*Exercise prompt*
Once you find the line with "Seç Market kataloğu, Eskişehir", transcribe it and all the lines that follow to the end of the data, exactly as written; skip any pictures.

*Provided data*
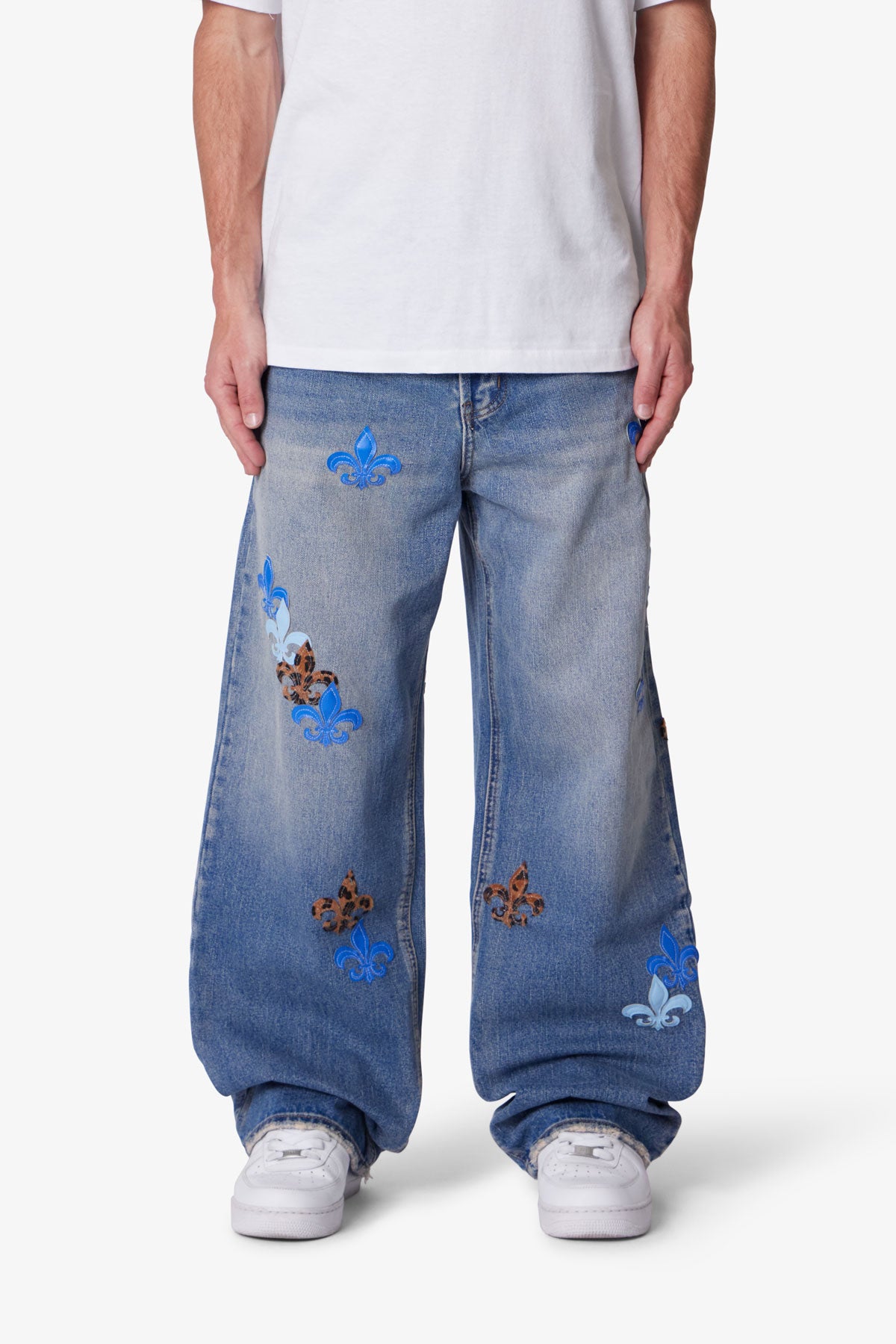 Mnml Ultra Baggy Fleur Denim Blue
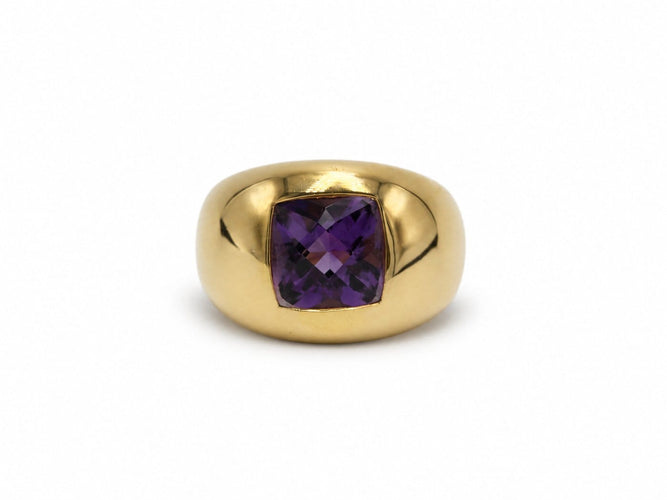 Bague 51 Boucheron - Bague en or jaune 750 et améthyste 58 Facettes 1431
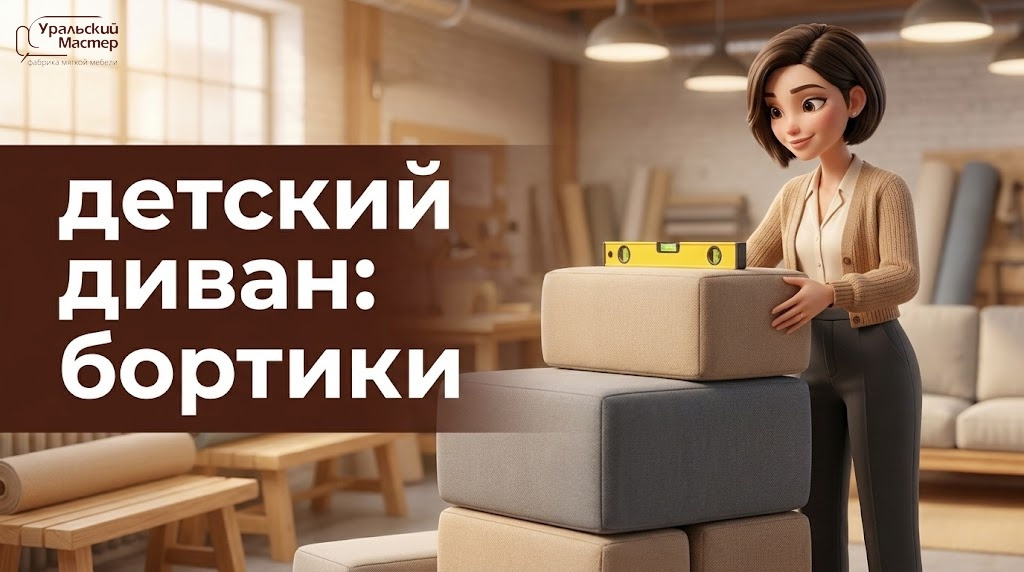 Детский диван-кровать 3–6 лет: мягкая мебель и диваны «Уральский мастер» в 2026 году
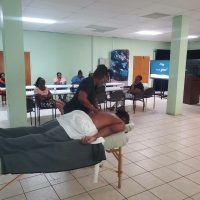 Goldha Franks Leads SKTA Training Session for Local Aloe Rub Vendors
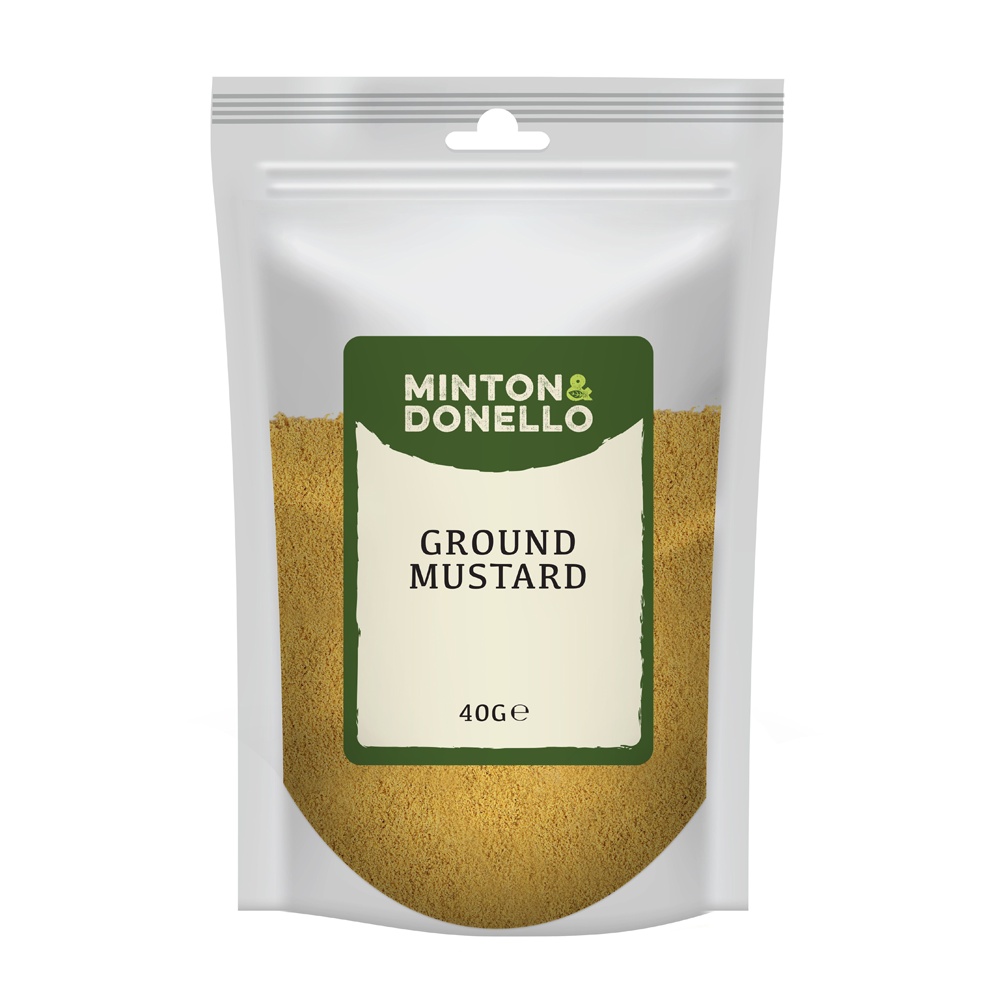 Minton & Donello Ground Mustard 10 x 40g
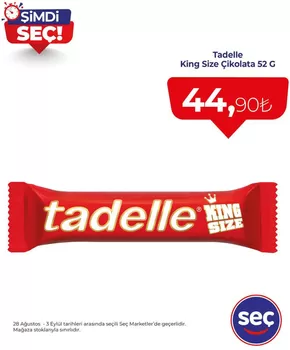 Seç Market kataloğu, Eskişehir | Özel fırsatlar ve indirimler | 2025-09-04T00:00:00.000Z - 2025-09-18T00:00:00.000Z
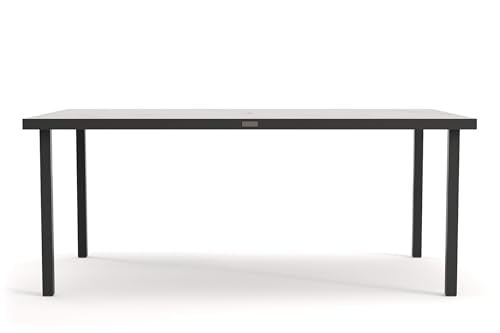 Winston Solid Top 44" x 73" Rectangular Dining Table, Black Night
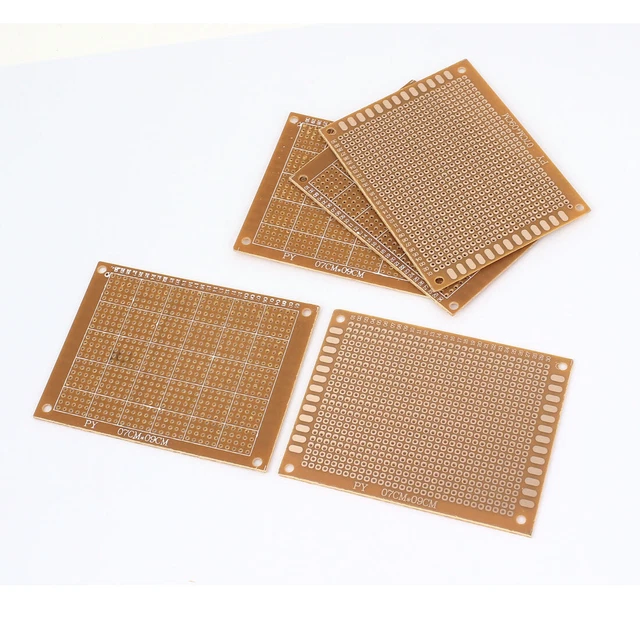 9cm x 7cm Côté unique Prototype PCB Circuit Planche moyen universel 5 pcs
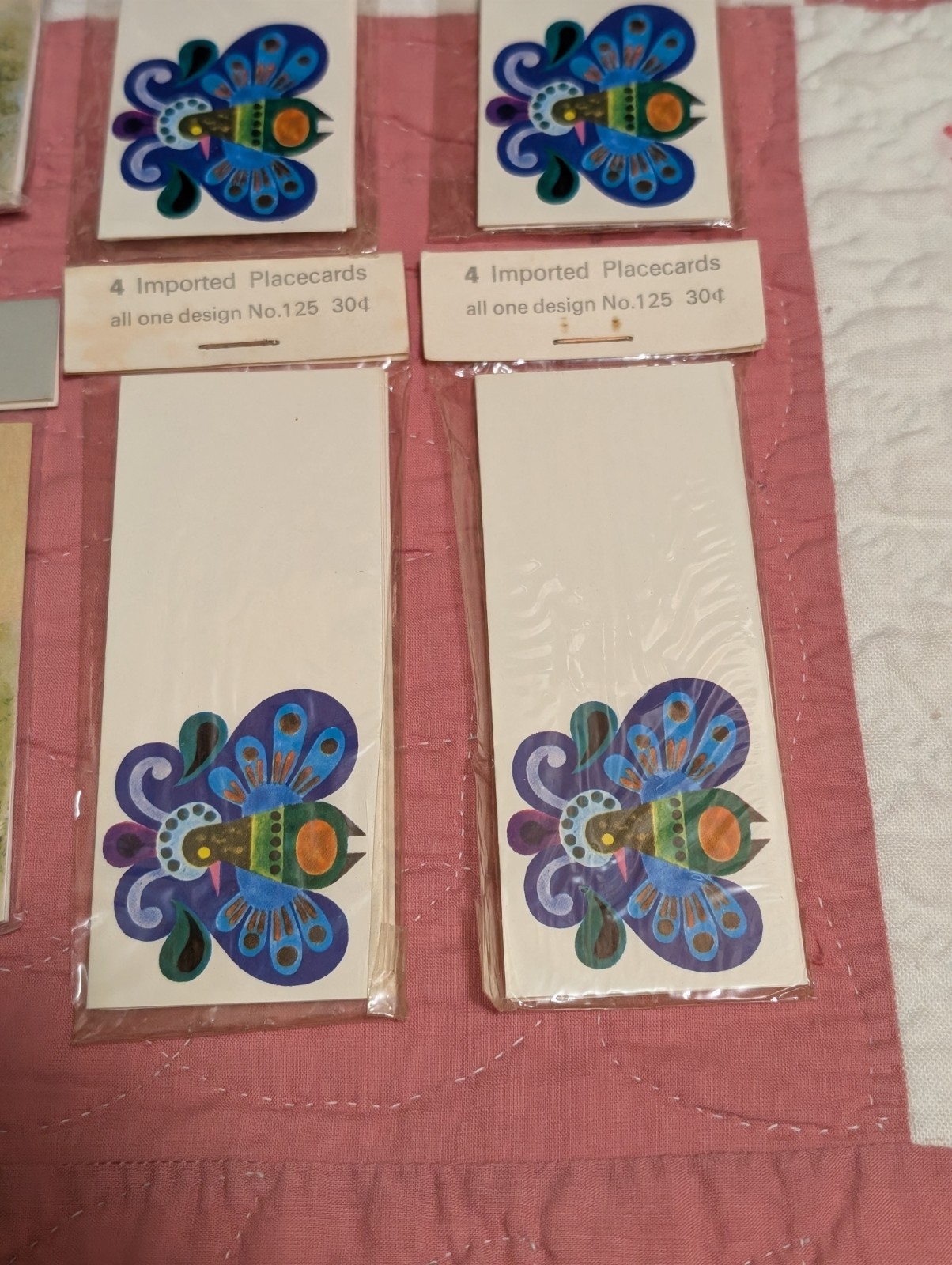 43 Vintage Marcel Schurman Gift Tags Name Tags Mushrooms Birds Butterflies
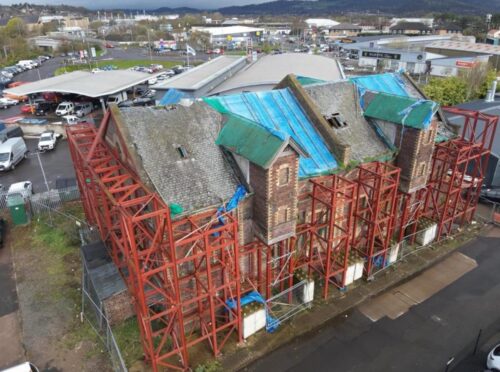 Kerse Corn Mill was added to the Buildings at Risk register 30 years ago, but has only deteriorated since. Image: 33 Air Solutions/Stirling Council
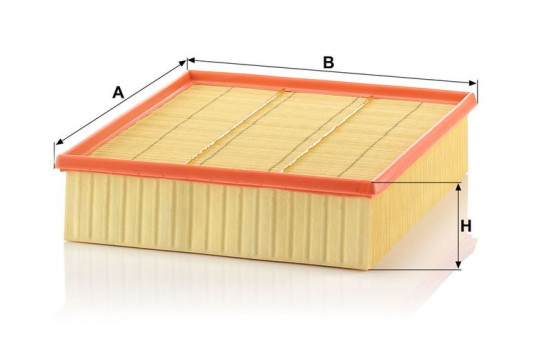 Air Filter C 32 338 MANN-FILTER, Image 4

*Response area*
 Seç Market kataloğu, Eskişehir | Özel fırsatlar ve indirimler | 2025-09-04T00:00:00.000Z - 2025-09-18T00:00:00.000Z
 Winston Solid Top 44" x 73" Rectangular Dining Table, Black Night
 9cm x 7cm Côté unique Prototype PCB Circuit Planche moyen universel 5 pcs
 43 Vintage Marcel Schurman Gift Tags Name Tags Mushrooms Birds Butterflies
 Kerse Corn Mill was added to the Buildings at Risk register 30 years ago, but has only deteriorated since. Image: 33 Air Solutions/Stirling Council
 Air Filter C 32 338 MANN-FILTER, Image 4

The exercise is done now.